Monday, January 7, 2013

Better than you

I like to read blog posts about the philosophy of writing, why we're all so crazy to be doing what we're doing. I glean a lot of insight from traditionally published, independent, and self-published authors. I usually find the blog posts themselves don't particularly fire me up, even when I disagree with them. The comment wars that tend to rage beneath the posts, however, sometimes do. Mainly because it boils down to two camps throwing serif-ed insults at each other: Traditional publishing is stupid! Self-Publishing is stupider!
 
After awhile I feel like I'm beginning to see the Matrix. We're all really super human gravity defying martial artists, the mediums we practice are fake and pliable. It's the other people swearing other ways work is what's keeping us from success, keeping the Matrix in place.
 
Or let me put it this way: We're all full of crap.
 
Because, whatever we do, it has to be because it's better than how someone else does it. And knowing we're doing it the right way isn't enough.
 
If someone posts something about how it worked for them differently, it MUST be because they never gave your way enough of a chance. They don't believe.
 
I'm not a Christian. I'm a Buddhist. I've thought about this before. But plenty of people see me as a wannabe hipster with weird hats and even though my religion is based in compassion and Karma, I'm still probably mean to the cashiers at McDonalds. Because all hipster Buddhists with beret hats that you've seen at McDonalds are. So what if I read over a thousand pages of Pali Canon translation. That Mala bracelet isn't a cross, I'm obviously wrong.

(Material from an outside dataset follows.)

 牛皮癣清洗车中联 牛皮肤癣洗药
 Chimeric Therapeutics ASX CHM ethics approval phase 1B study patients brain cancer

And of course I've seen plenty of "free thinkers" that turn into a sputtering pile of defensive self-righteousness at the mention of Jesus. We've all seen this.
 
Sadly, the more I read author blogs, the same principle is surfacing again and again. Writers that read a perfectly well thought out and informative blog post, but find SOMETHING in it they disagree with and go nuts in the comments.
 
Now, I supposed I understand if someone is completely and unfairly bashing the way you do things, you would probably feel upset. But even when an author puts a disclaimer at the beginning of the post saying "this is the way it works for me and I'm sharing, you do not have to do this" comments still get crazy. It makes me wonder if writers are reading these blogs to gain insight, or just looking for affirmation that their way is right and to argue when someone does something different. I still have faith that there are plenty of writers learning from these blog posts, but they just keep quiet and don't try to skewer other authors on literary sticks when they disagree.
 
When I first started writing, there was still a stigma attached to self-publishing, and ereaders had not taken off yet, so I was very much swayed toward traditional and print publishing. But I changed my mind and found independent publishing worked very well for me. Unfortunately, I'm seeing a lot of Self-Pubbers trying to trash the traditional route, trying to attach a stigma to authors that are having a good go at traditional publishing. Trying to steal the elitism from "an editor approved my work and I was paid an advance, I'm better than you," to "I had to direct the formatting and cover design and plan all my own marketing, I do way more than just write, I'm better than you."
 
Well, if that makes you feel better about yourself, go for it. But why tell either a self-published or traditionally published author, who is happy, successful according to their definition, and has a readership, that they are wrong and stupid? I certainly can't imagine walking up to a successful traditionally published author and saying, "Hello, have you heard of Smashwords? Allow me to enlighten you."
 
I obviously live in the Matrix, since I have a writing blog and opinions on such things are keeping me from jumping up and flying around like superman delivering my bestsellers to the puny drones below. If only everyone listened to me and shaped the writing game to my standards, but noooo we all have to do things differently than me to keep the Matrix in place, to keep everyone asleep, and make stupid authors more successful than me.
 
Right.
 
Here's the deal, or at least, my opinion: There's no formula for success. Success is defined by the author and each book, author, target audience tastes, and means of transmission are going to have so many factors, there will never be a perfect way to publish a book. There's no perfect combination for a great cover, no super-elite tips or tricks for a synopsis that will get everyone to read the book. There's no scale to rate perfectly-flawed characters. There's no way to determine exactly how abstract or how relatable a plot should be. So don't argue like there is.
 
There are good ideas out there. I have gotten excellent marketing tips from traditionally published authors. I've found wonderful ideas that work in crafting my non-fiction books from fantasy e-book authors. I've looked at hundreds of covers and observed things I liked and things I didn't like and applied it to what I was doing. There are great ideas out there.
 
The only way you can learn and advance is to look at how others have done things, put things together, arrived at their conclusions, then arrive at your own.